Evidence-based policies or policy-based evidence?

added on November 4, 2009 by Liza Lort-Phillips

I was struck by a comment in the editorial in today’s FT about the resignation of the government’s chief drug advisor Professor Nutt. At the heart of the row, the question of government moving from reliance on ‘evidence-based policy’ to one that seeks to do the opposite: find the right evidence it needs to justify its policy decisions. Moving from? Was it not always thus? As a former market researcher, I know the tricks of the trade – that is, if you ask a question a certain way, you can encourage a certain answer..  But it got me to thinking about the world in which we work with companies and sustainability issues… and to the extent they too, are guilty of the same. And are we, as their advisors, sometimes complicit in this?

Not so long ago I got a call from someone asking on behalf of their client whether we ‘do ethical supply chain policies’. We do ‘do’, I said, but there are a few other questions that come before the ‘doing’, like why do they want it, what are they buying from where, what sort of issues do they have in their supply chain, and how are they intending to use it?  To which the answer was ‘because our competitors seem to have one, and customers are starting to ask if they have one. So they need to keep them off their backs, basically. A policy should do the trick, right?’ Hmm. Indeed. I suspect more companies, if they are honest, might say the same thing in an unguarded moment.  

Almost anybody can cobble together a respectable-looking policy together these days if they put their mind to it. But how rooted is it in how your business thinks, what your business does, its needs and constraints, and its customer/consumer priorities?  In other areas perhaps, companies do better.

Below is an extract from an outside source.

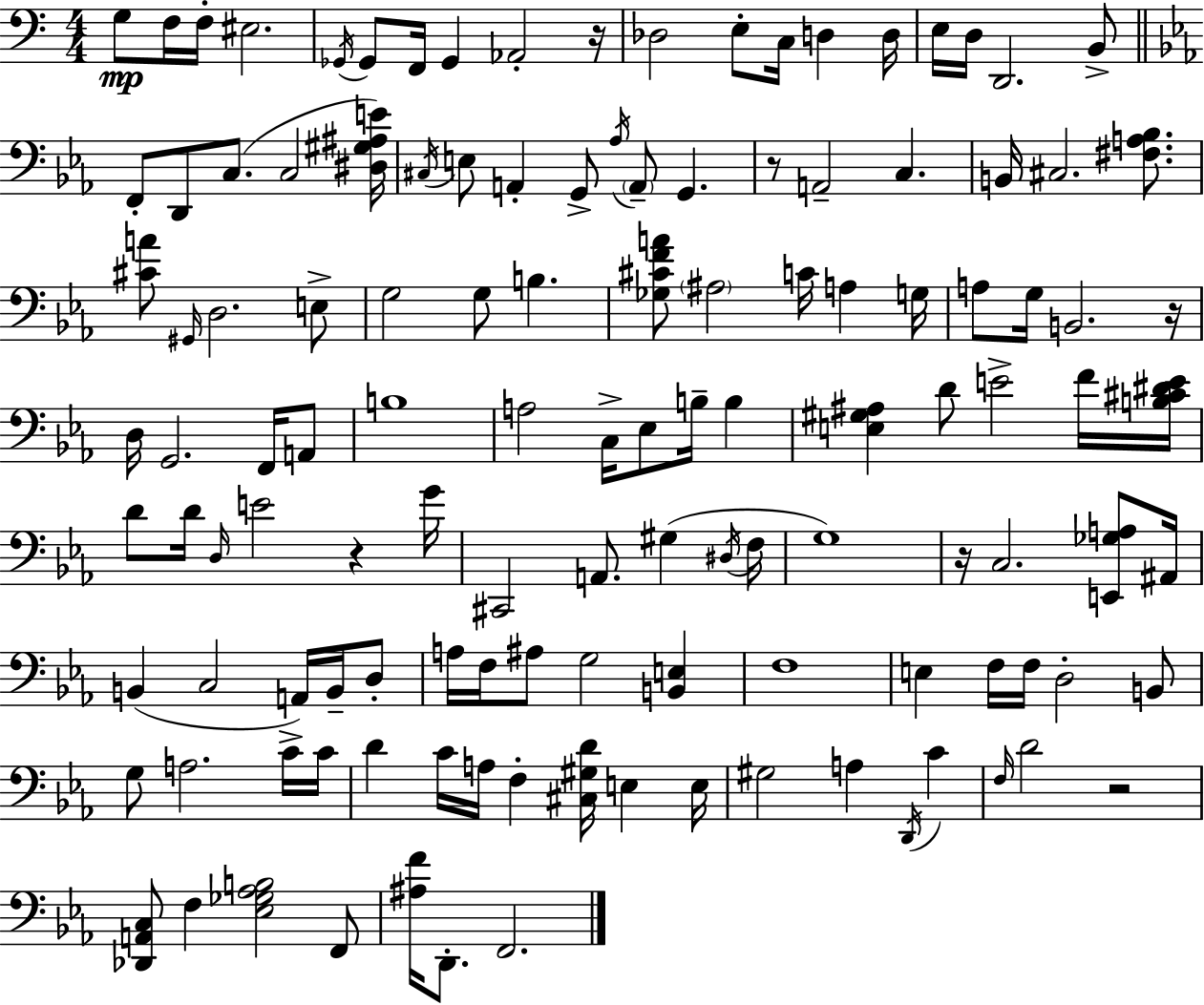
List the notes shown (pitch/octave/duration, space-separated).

G3/e F3/s F3/s EIS3/h. Gb2/s Gb2/e F2/s Gb2/q Ab2/h R/s Db3/h E3/e C3/s D3/q D3/s E3/s D3/s D2/h. B2/e F2/e D2/e C3/e. C3/h [D#3,G#3,A#3,E4]/s C#3/s E3/e A2/q G2/e Ab3/s A2/e G2/q. R/e A2/h C3/q. B2/s C#3/h. [F#3,A3,Bb3]/e. [C#4,A4]/e G#2/s D3/h. E3/e G3/h G3/e B3/q. [Gb3,C#4,F4,A4]/e A#3/h C4/s A3/q G3/s A3/e G3/s B2/h. R/s D3/s G2/h. F2/s A2/e B3/w A3/h C3/s Eb3/e B3/s B3/q [E3,G#3,A#3]/q D4/e E4/h F4/s [B3,C#4,D#4,E4]/s D4/e D4/s D3/s E4/h R/q G4/s C#2/h A2/e. G#3/q D#3/s F3/s G3/w R/s C3/h. [E2,Gb3,A3]/e A#2/s B2/q C3/h A2/s B2/s D3/e A3/s F3/s A#3/e G3/h [B2,E3]/q F3/w E3/q F3/s F3/s D3/h B2/e G3/e A3/h. C4/s C4/s D4/q C4/s A3/s F3/q [C#3,G#3,D4]/s E3/q E3/s G#3/h A3/q D2/s C4/q F3/s D4/h R/h [Db2,A2,C3]/e F3/q [Eb3,Gb3,Ab3,B3]/h F2/e [A#3,F4]/s D2/e. F2/h.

On environmental issues, for example, there is more evidence on which to base policies – not least the weight of science, regulation, and 40 years of campaigning.

On companies’ commitment to go Fairtrade…or for that matter Rainforest Alliance certified? We know that it’s not just about what consumers think. Because lots of them just don’t. Or rather they think about different things. So, are they acting from real evidence, an anticipation of what lies ahead? Or a deeper sense of concerns driven from within the business? Perhaps a mix of all three.

And does it matter if we don’t have the evidence, as long as the net result is a good one at the end of the day? Well, I guess it depends on who’s at the receiving end of that net result.

At the end of the day, we’re all for evidence.  Evidence has to be the cornerstone of any policy or action, or it becomes meaningless. We spend our days helping companies find it, show proof of it, because, good, bad or ugly, it’s the foundation on which responsible behaviour and progress can be built.